What is needed is an exact copy of the records below, with the pictures left out.
(Data for this task Opens)
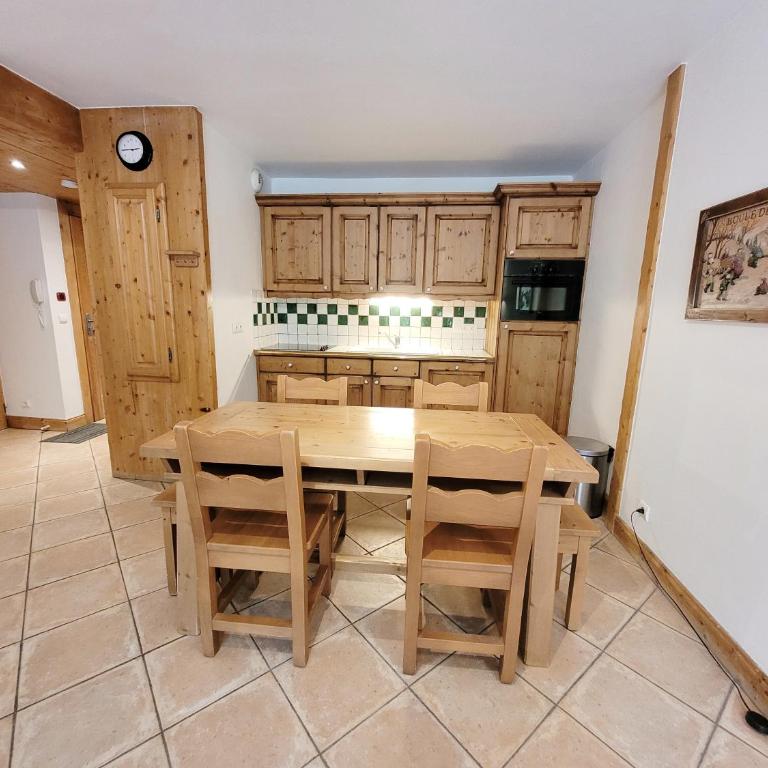 Très bel appartement à Serre Chevalier proche centre station et pistes - Appartement 2 Chambres avec Terrasse - 10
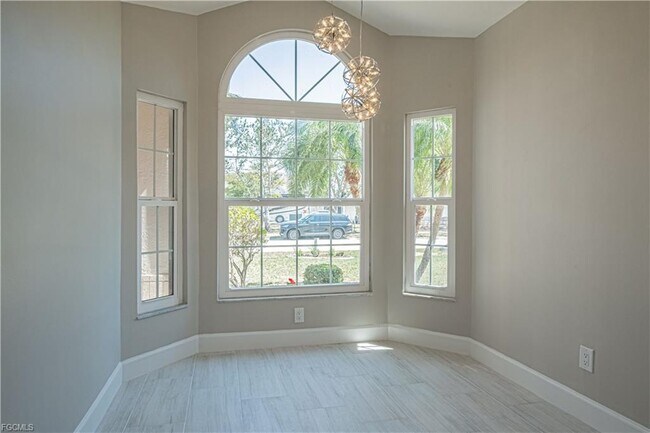 Building Photo - 16404 Kelly Woods Dr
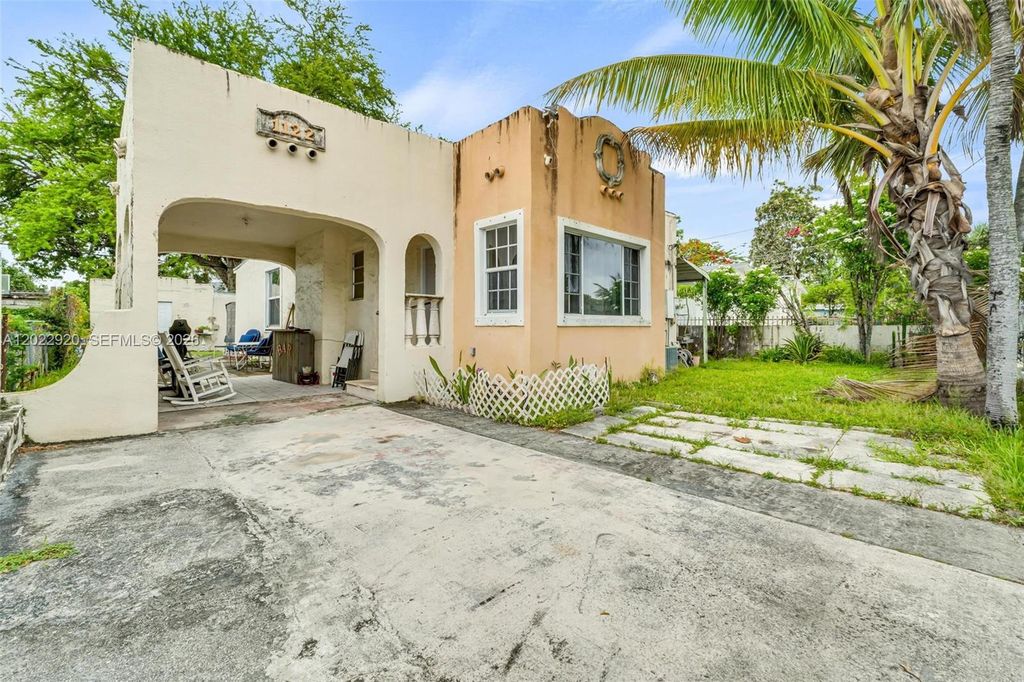 1122 NW 38th St, Miami, FL 33127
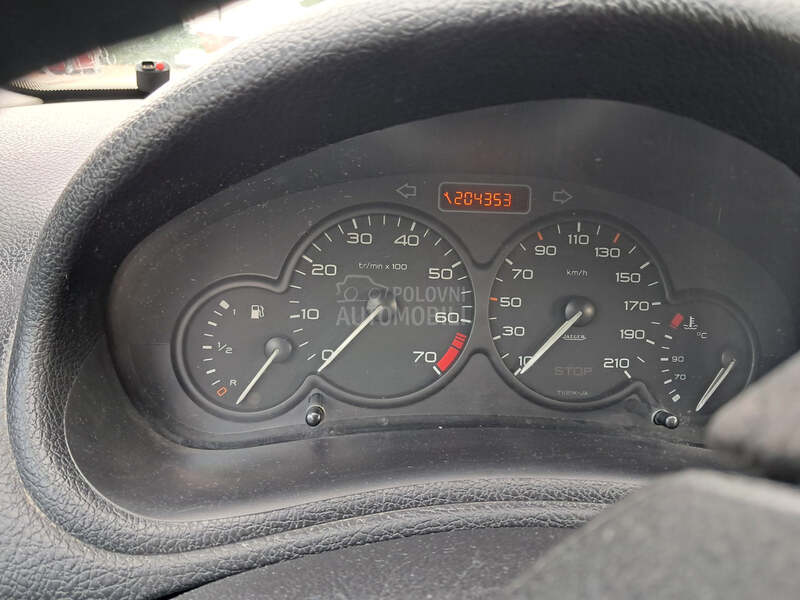 Peugeot 206 1.1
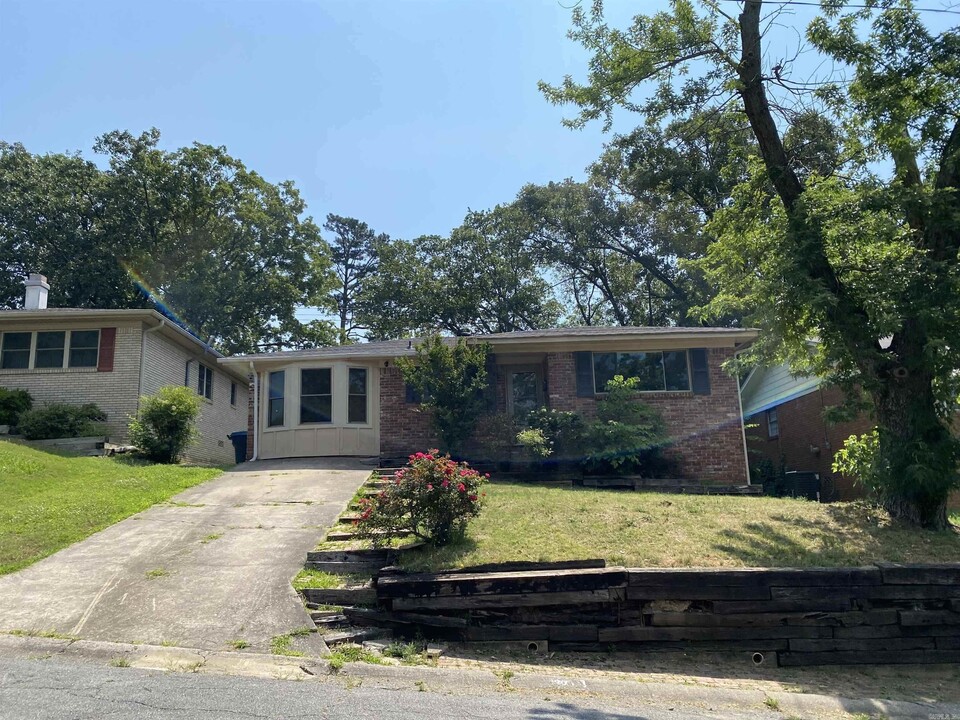 1109 Mellon St in Little Rock, AR - Foto de edificio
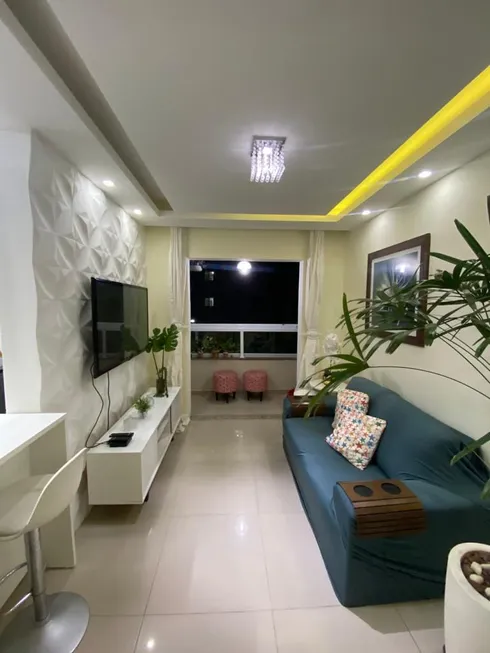 Foto 1 de Apartamento com 2 Quartos à venda, 52m² em Buraquinho, Lauro de Freitas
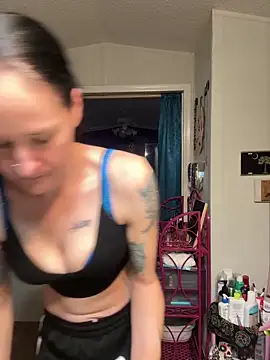 Snapshot of lolabunny9 chatting on March 2025 02:37:02 PM lolabunny9 online show from March 2025 02:37:02 PM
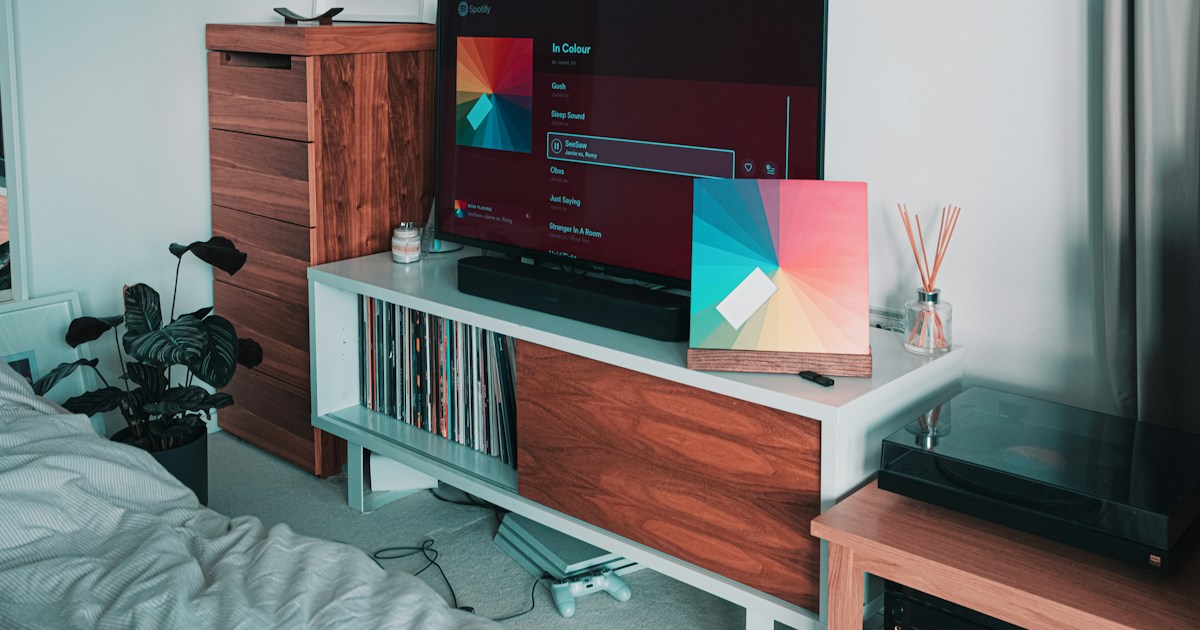 🏁 Conclusion: Which TV Brand Offers the Best 4K Resolution and Smart Features? by TV Brands black flat screen tv on white wooden tv rack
(Data for this task Closes)
** Finished task **
 Très bel appartement à Serre Chevalier proche centre station et pistes - Appartement 2 Chambres avec Terrasse - 10
 Building Photo - 16404 Kelly Woods Dr
 1122 NW 38th St, Miami, FL 33127
 Peugeot 206 1.1
 1109 Mellon St in Little Rock, AR - Foto de edificio
 Foto 1 de Apartamento com 2 Quartos à venda, 52m² em Buraquinho, Lauro de Freitas
 Snapshot of lolabunny9 chatting on March 2025 02:37:02 PM lolabunny9 online show from March 2025 02:37:02 PM
 🏁 Conclusion: Which TV Brand Offers the Best 4K Resolution and Smart Features? by TV Brands black flat screen tv on white wooden tv rack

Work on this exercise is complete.